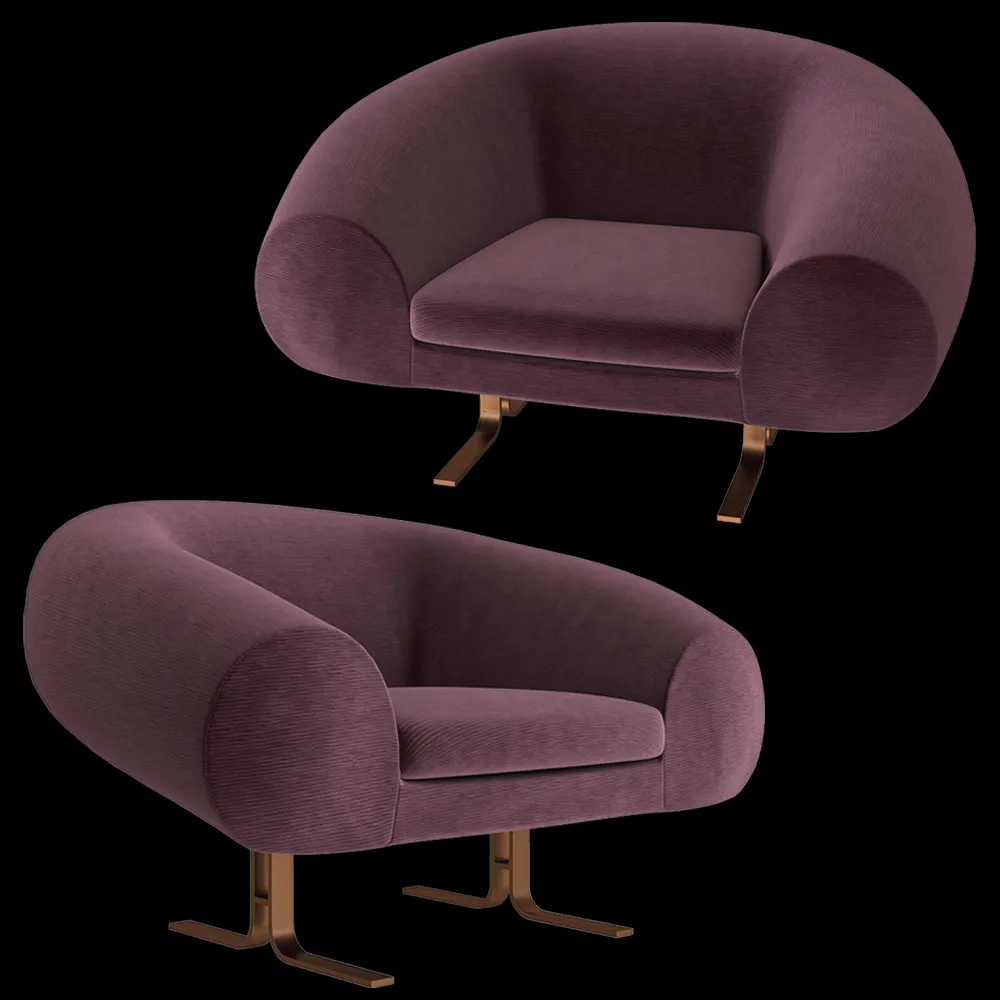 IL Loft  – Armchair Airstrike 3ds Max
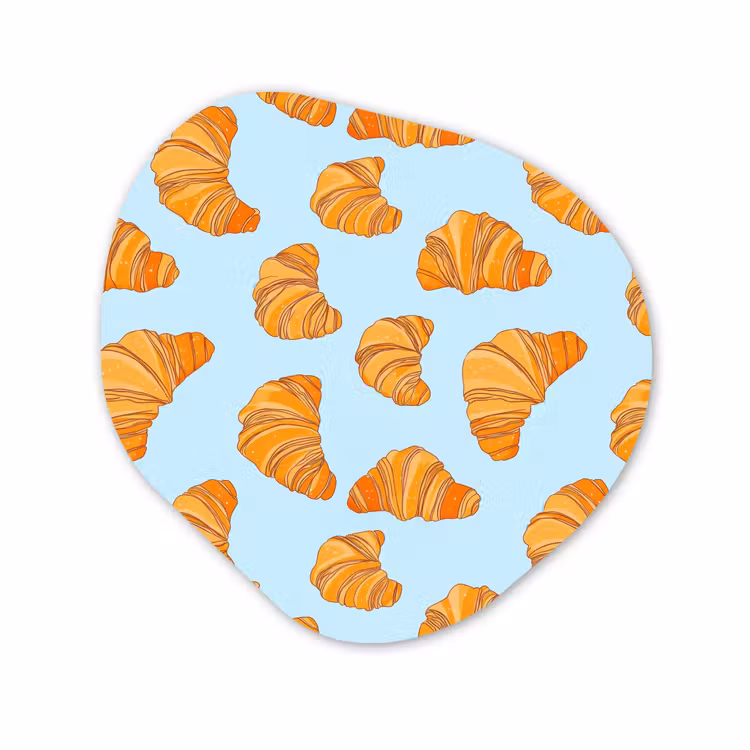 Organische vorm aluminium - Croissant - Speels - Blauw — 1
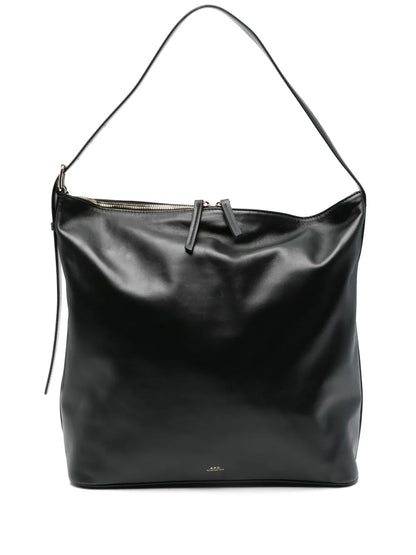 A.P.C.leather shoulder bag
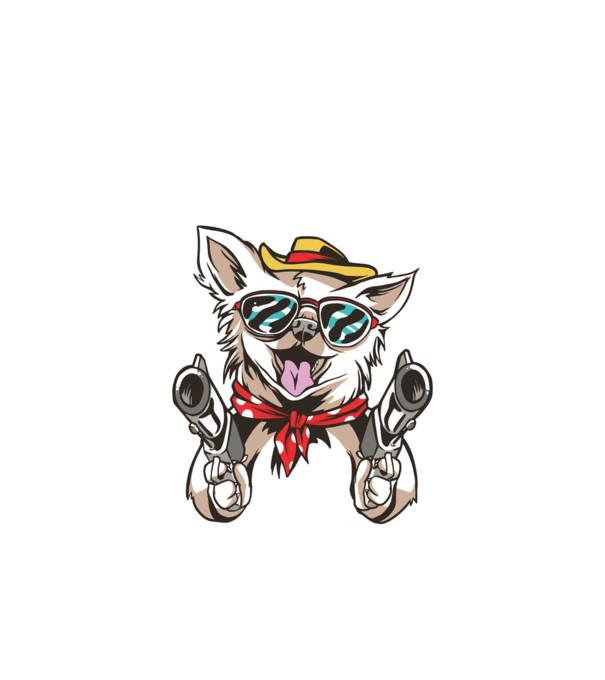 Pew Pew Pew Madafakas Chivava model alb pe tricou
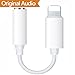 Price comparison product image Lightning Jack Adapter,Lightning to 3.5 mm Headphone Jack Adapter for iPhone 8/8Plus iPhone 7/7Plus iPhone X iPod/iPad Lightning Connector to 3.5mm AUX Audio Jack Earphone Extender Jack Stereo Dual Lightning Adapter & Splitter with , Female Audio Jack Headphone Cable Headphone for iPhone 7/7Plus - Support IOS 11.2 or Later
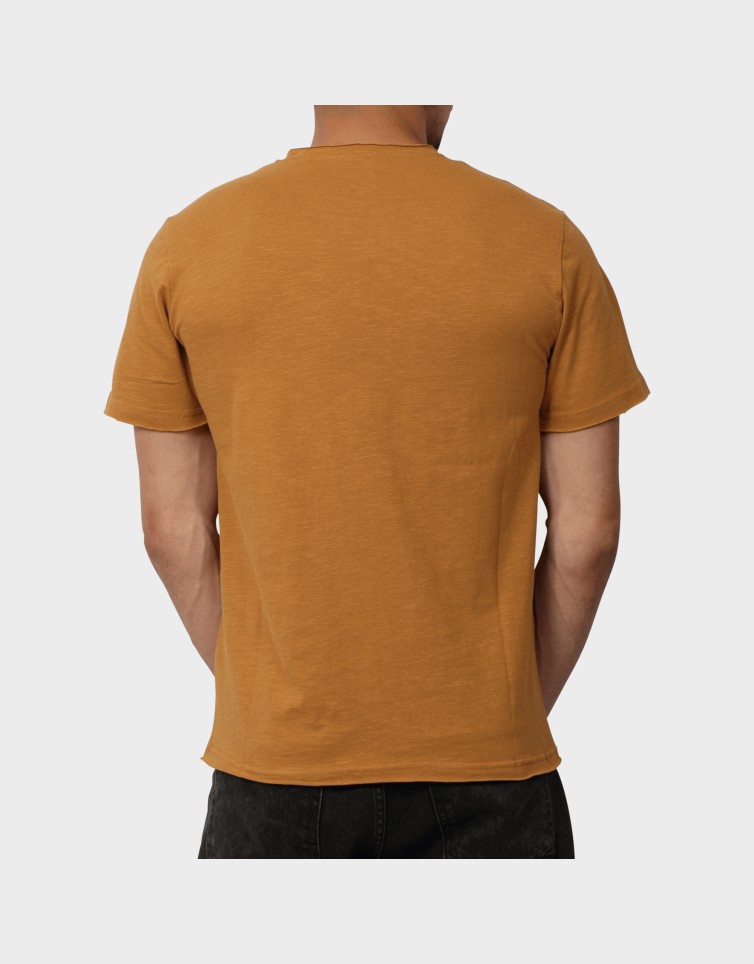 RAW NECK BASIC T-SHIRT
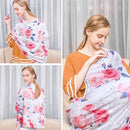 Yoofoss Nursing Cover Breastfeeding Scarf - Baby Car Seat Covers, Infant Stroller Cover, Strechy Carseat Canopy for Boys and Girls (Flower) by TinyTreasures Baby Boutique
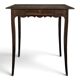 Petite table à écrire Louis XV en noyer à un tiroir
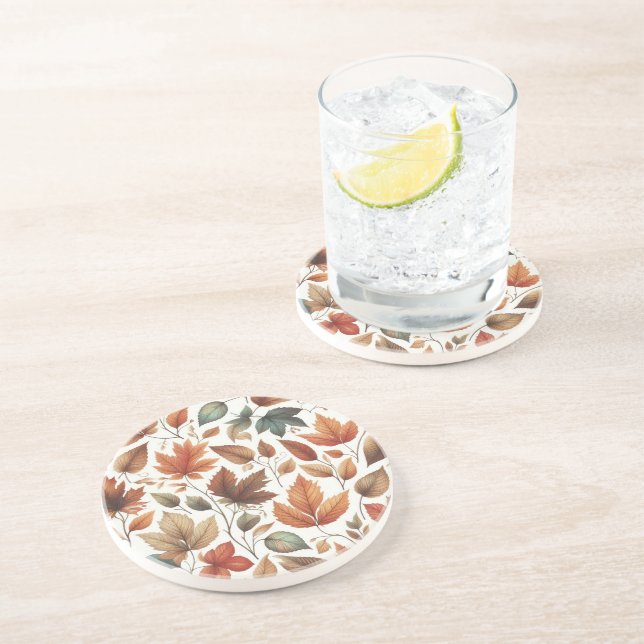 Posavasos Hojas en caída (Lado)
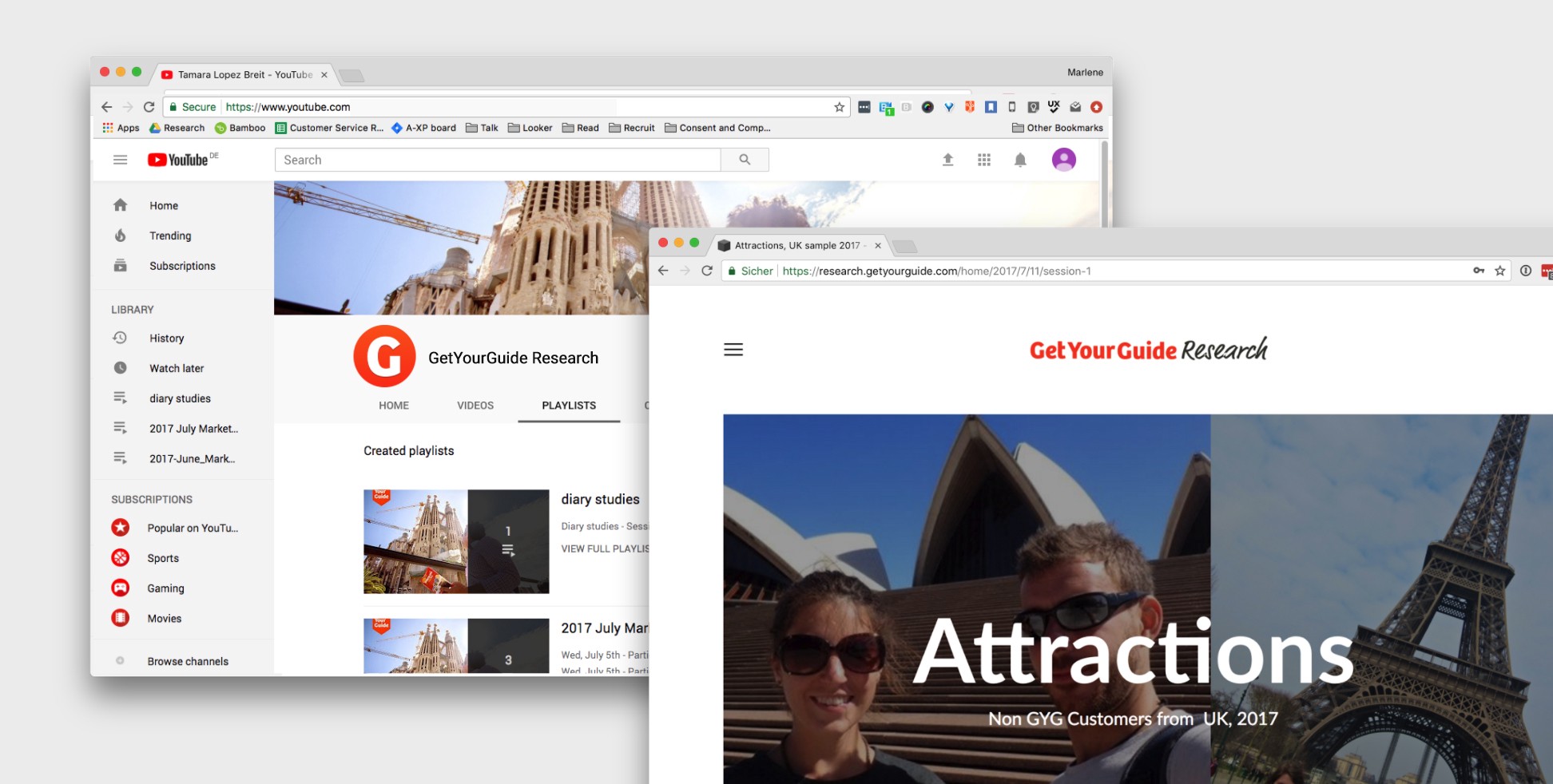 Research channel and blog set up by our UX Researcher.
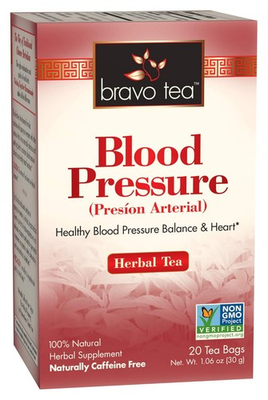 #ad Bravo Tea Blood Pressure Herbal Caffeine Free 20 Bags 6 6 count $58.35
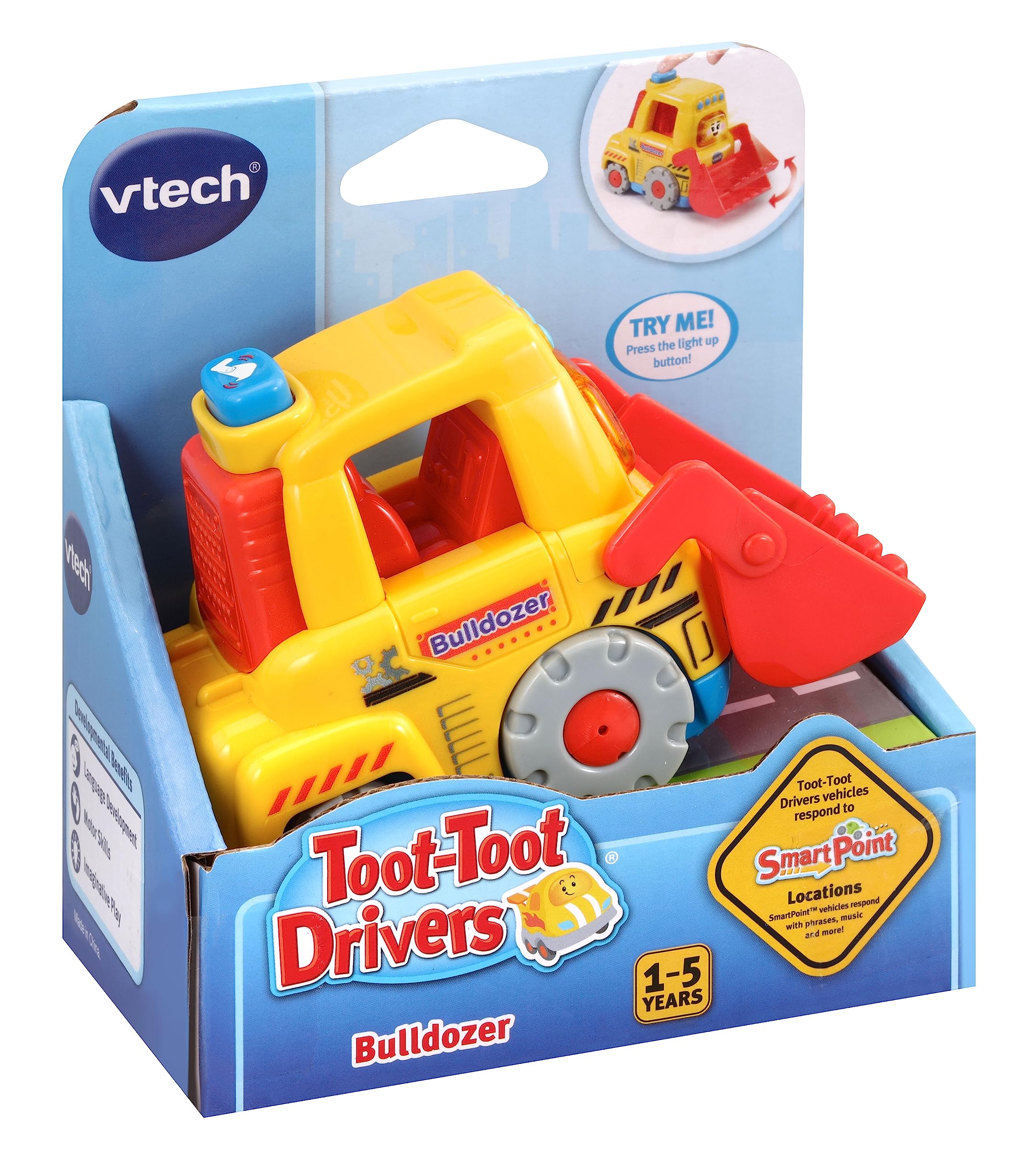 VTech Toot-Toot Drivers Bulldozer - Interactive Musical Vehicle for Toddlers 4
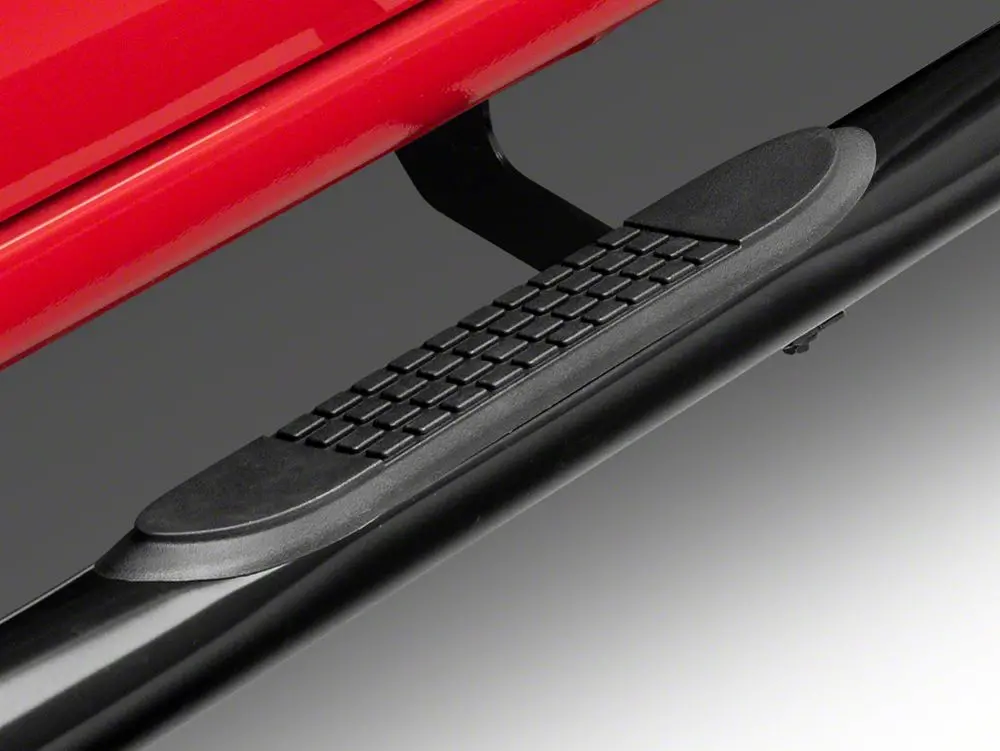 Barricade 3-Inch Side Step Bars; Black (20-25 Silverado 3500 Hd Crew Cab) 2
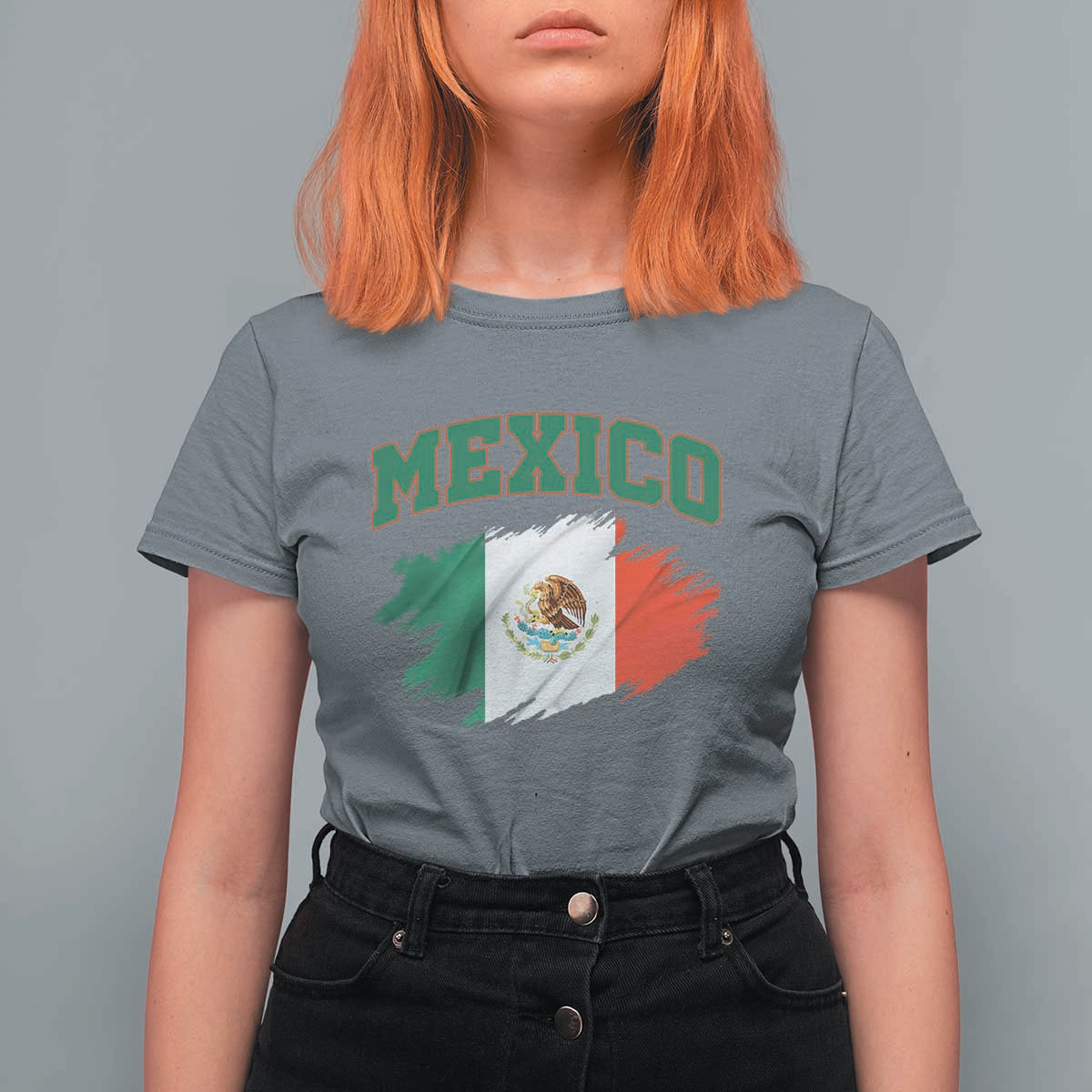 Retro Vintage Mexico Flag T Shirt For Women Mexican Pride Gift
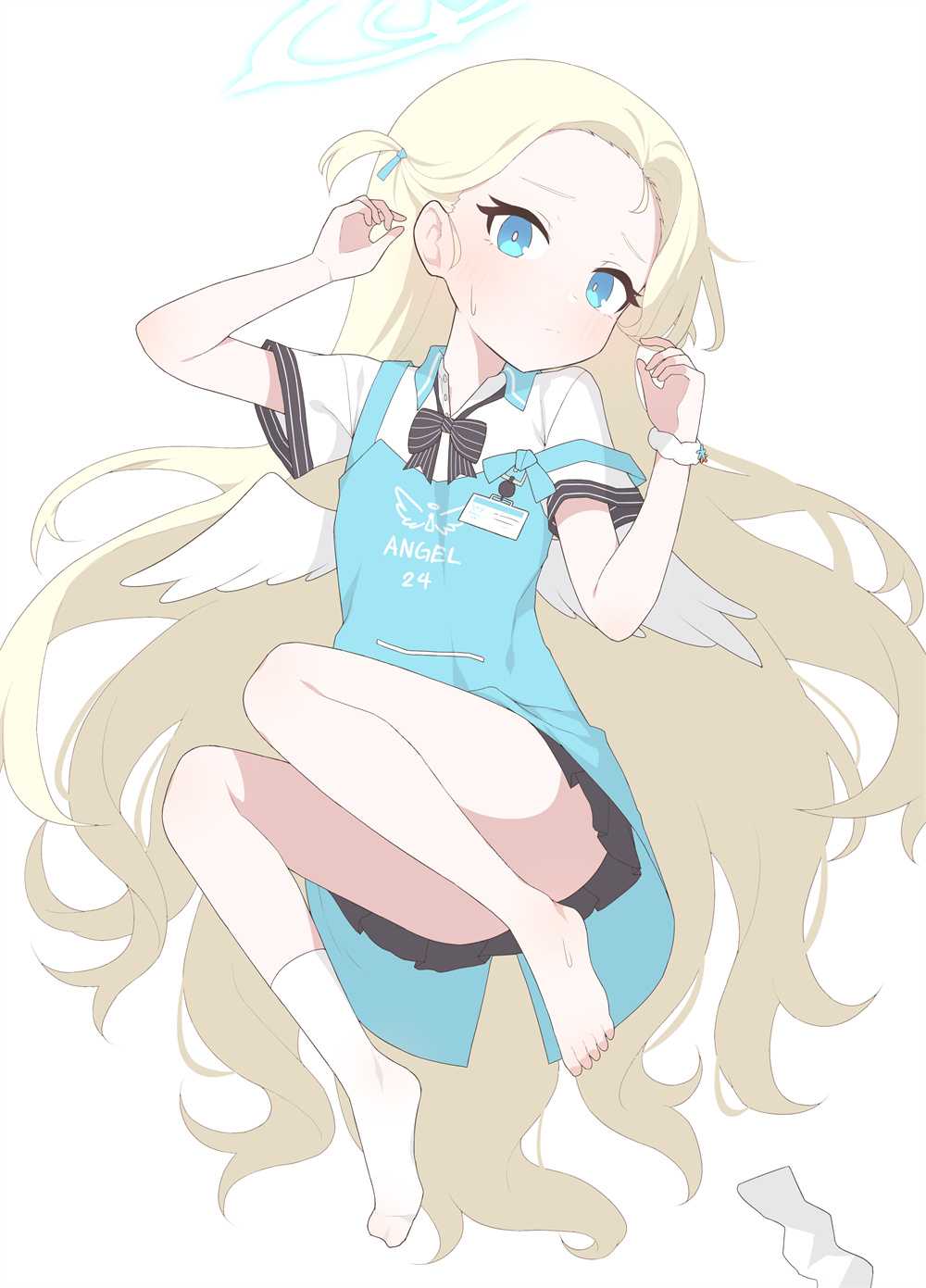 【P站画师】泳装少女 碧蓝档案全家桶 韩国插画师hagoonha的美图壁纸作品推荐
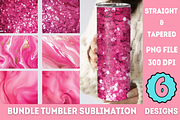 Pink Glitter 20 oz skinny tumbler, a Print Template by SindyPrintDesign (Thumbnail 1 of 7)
--------------------
_DIRECTIONS FOR THIS TASK_: Exactly the lines from the line with "Retro Vintage Mexico" through the end of the data are to be reproduced, and no picture is to be included.

_RESPONSE BOX_:
 Retro Vintage Mexico Flag T Shirt For Women Mexican Pride Gift
 【P站画师】泳装少女 碧蓝档案全家桶 韩国插画师hagoonha的美图壁纸作品推荐
 Pink Glitter 20 oz skinny tumbler, a Print Template by SindyPrintDesign (Thumbnail 1 of 7)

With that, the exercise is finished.